By application postmarked January 6, 2006, a company official requested administrative reconsideration of the Department's negative determination regarding eligibility to apply for Trade Adjustment Assistance (TAA), applicable to workers and former workers of the subject firm. The denial notice was signed on December 30, 2005, and published in the Federal Register on January 17, 2006 (71 FR 2568).
Pursuant to 29 CFR 90.18(c) reconsideration may be granted under the following circumstances:
(1) If it appears on the basis of facts not previously considered that the determination complained of was erroneous;
(2) If it appears that the determination complained of was based on a mistake in the determination of facts not previously considered; or
(3) If in the opinion of the Certifying Officer, a mis-interpretation of facts or of the law justified reconsideration of the decision.
The petition for the workers of Falcon Plastics, Washington, Pennsylvania engaged in production of blow molded plastics was denied because the “contributed importantly” group eligibility requirement of section 222 of the Trade Act of 1974, as amended, was not met, nor was there a shift in production from that firm to a foreign country. The “contributed importantly” test is generally demonstrated through a survey of the workers' firm's customers. The survey revealed no imports of blow molded plastics during the relevant period. The subject firm did not import blow molded plastics nor did it shift production to a foreign country during the relevant period.
The petitioner states that the affected workers lost their jobs as a result of the U.S. manufacturers shifting production of blow molded plastics to China and Mexico. The petitioner stated that the sales and production at the subject firm has been negatively impacted by increasing presence of foreign imports on the market.
Upon further review of the previous investigation and further contact with the company official, the Department conducted a full investigation to determine whether imports of blow molded plastics indeed impacted production at the subject firm and consequently caused workers separations.

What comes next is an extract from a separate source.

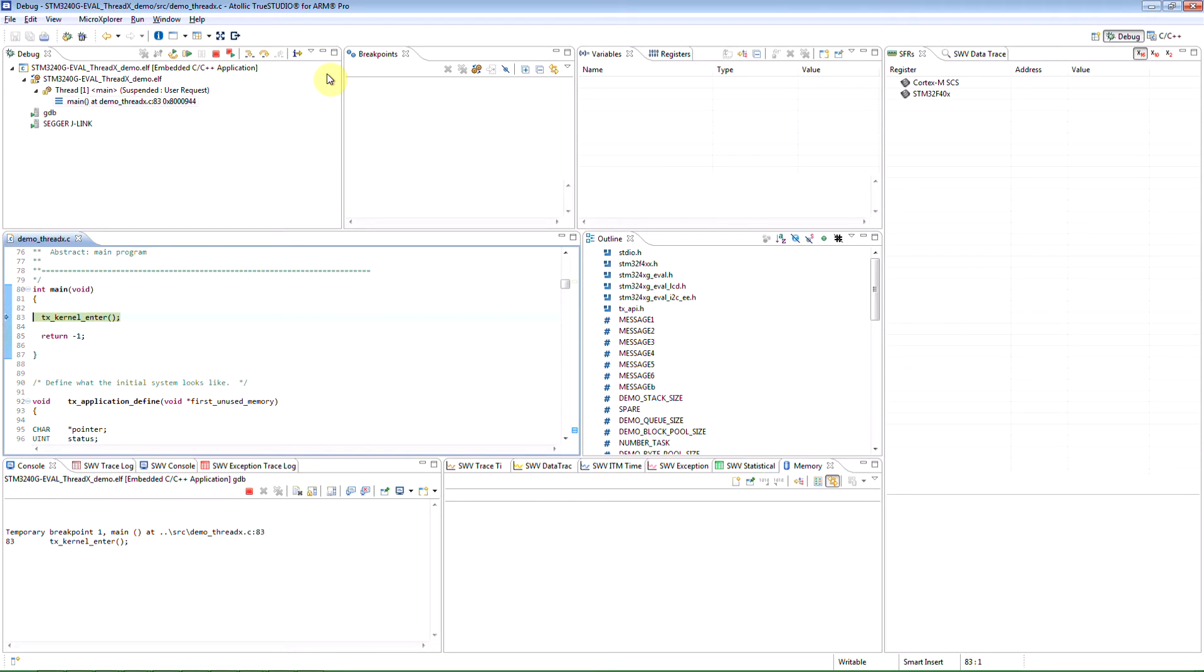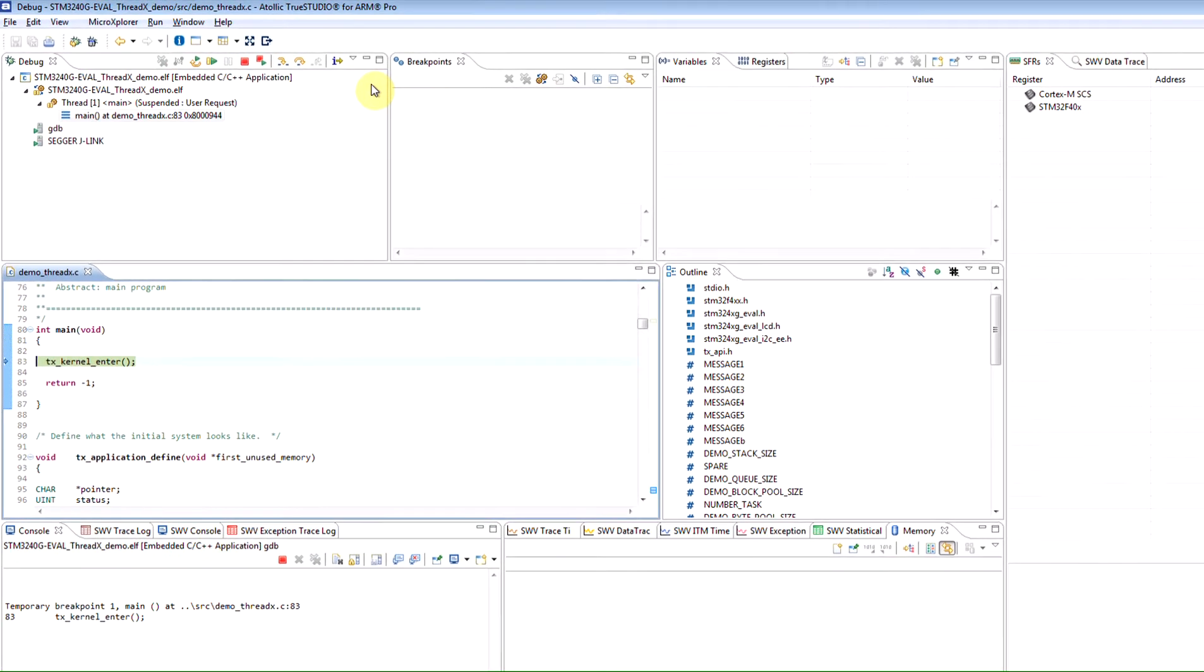ARM CoreSight contains DWT, Data Watchpoint and Trace component. This component contains a PC sampler, which makes it possible to do statistical profiling by collecting PC samples during system execution.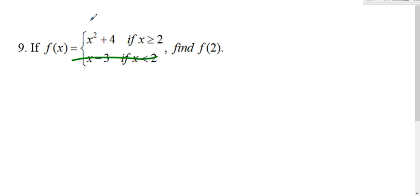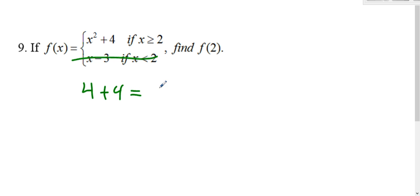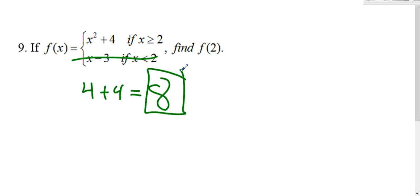So plug in the 2. 2 squared is 4, plus 4 is 8. There's your answer. f of 2 is 8.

The Department conducted a new survey of the customers requesting information on imports of “like or directly competitive products” to those purchased from Falcon Plastics, a/k/a Grand Venture in 2002, 2003 and January through September of 2005. The survey revealed that none of the respondents reported increasing its imports of “like or directly competitive products” to blow molded plastics purchased from the subject, while decreasing its purchases from the subject firm during the relevant time period.
Moreover, the subject firm does not import blow molded plastics and did not shift production of blow molded plastics abroad.
After review of the application and investigative findings, I conclude that there has been no error or misinterpretation of the law or of the facts which would justify reconsideration of the Department of Labor's prior decision. Accordingly, the application is denied.Start Signature
Signed at Washington, DC, this 16th day of February, 2006.
Elliott S. Kushner,
Certifying Officer, Division of Trade Adjustment Assistance.